Provided that no contract or arrangement, in the case of a company having a paid-up share capital of not less than such amount, or transactions not exceeding such sums, as may be prescribed, shall be entered into except with the prior approval of the company by a resolution;

Provided further that no member of the company shall vote on such resolution, to approve any contract or arrangement which may be entered into by the company, if such member is a related party.

Provided also that nothing contained in the second proviso shall apply to a company in which ninety per cent. or more members, in number, are relatives of promoters or are related parties:

Provided also that nothing in this sub-section shall apply to any transactions entered into by the company in its ordinary course of business other than transactions which are not on an arm’s length basis.

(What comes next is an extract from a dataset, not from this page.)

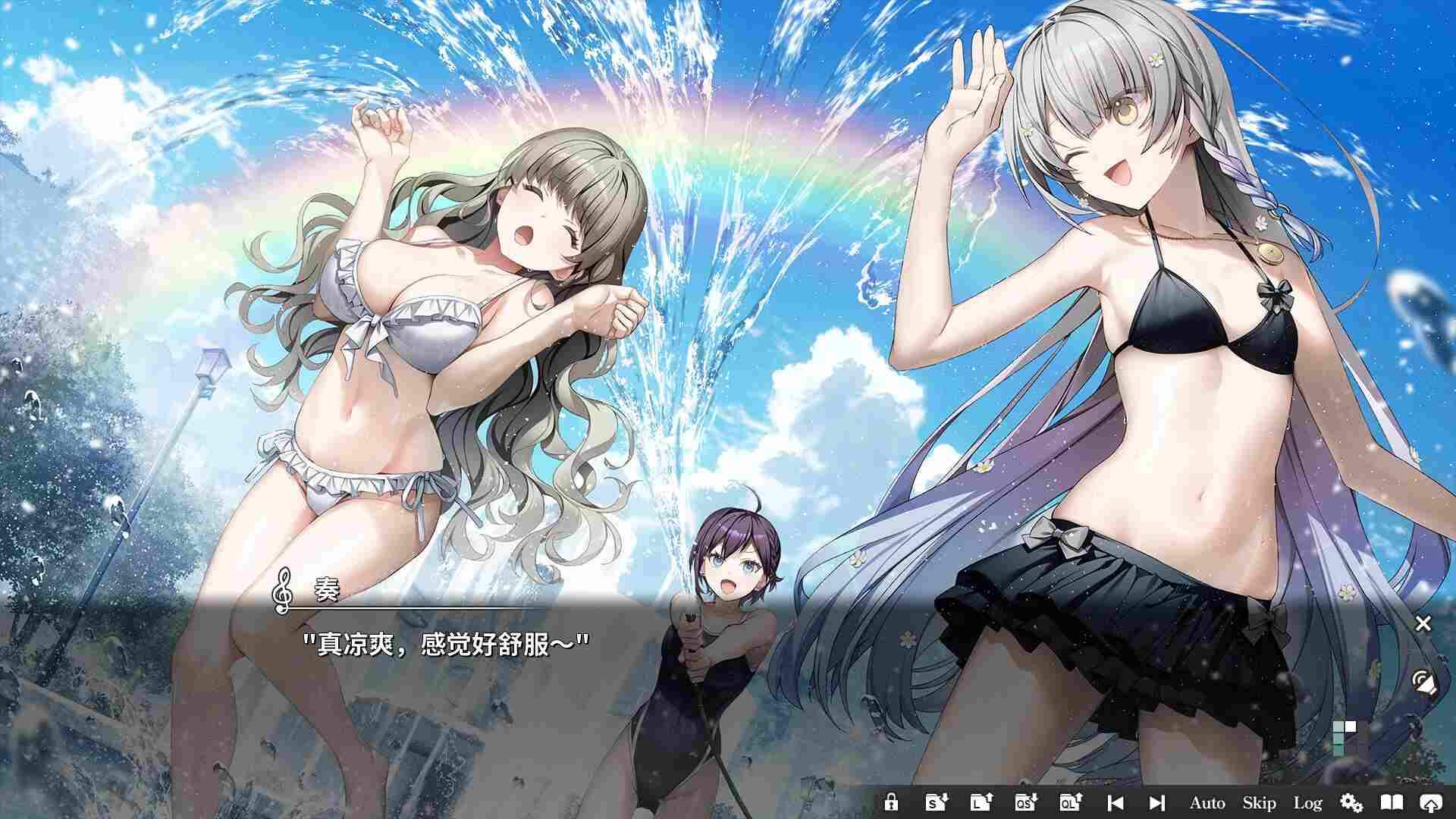 奏.Kanade_5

Provided also that the requirement of passing the resolution under first proviso shall not be applicable for transactions entered into between a holding company and its wholly owned subsidiary whose accounts are consolidated with such holding company and placed before the shareholders at the general meeting for approval

Rule 15(2) of the Companies (Meetings of Board and its Powers) Rules, 2014 (as reproduced)

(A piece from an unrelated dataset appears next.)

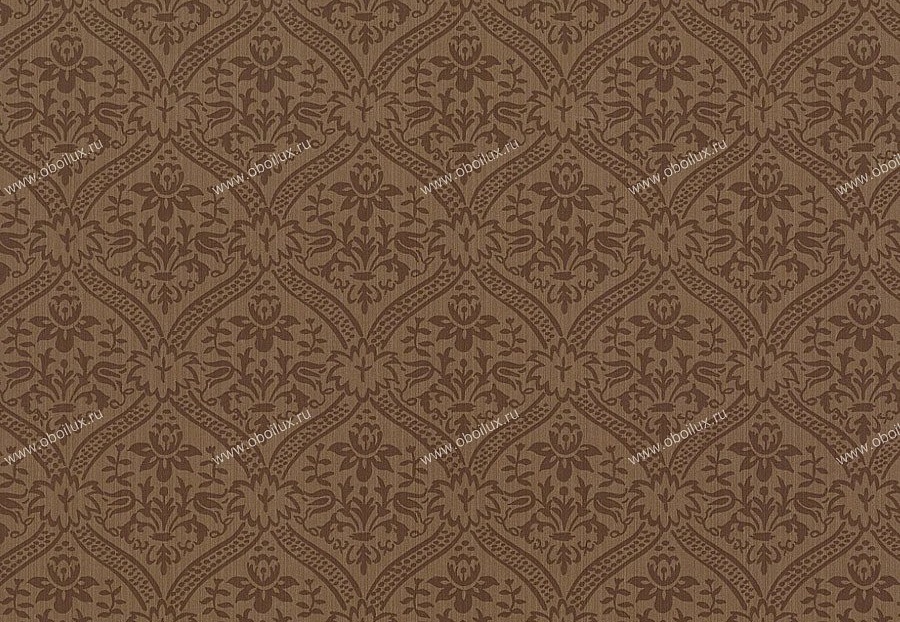 Обои Thibaut Anniversary T6001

(2) Where any director is interested in any contract or arrangement with a related party, such director shall not be present at the meeting during discussions on the subject matter of the resolution relating to such contract or arrangement.

Section 188(1) read with Rule 15(2) Explained –

This section specifically covers the 7 transactions to be considered as the Related Party Transactions, if the other party to contract or arrangement is the Related Party (RP) as defined under Section 2(76) of the Act, of the company.

Generally, the RPT is approved by the Board of Directors in the meeting except those transactions where it is required to pass an ordinary resolution by the shareholders in general meeting, in case the thresholds as specified in Rule 15 of the Companies (Meetings of Board and its Powers) Rules, 2014 are triggered.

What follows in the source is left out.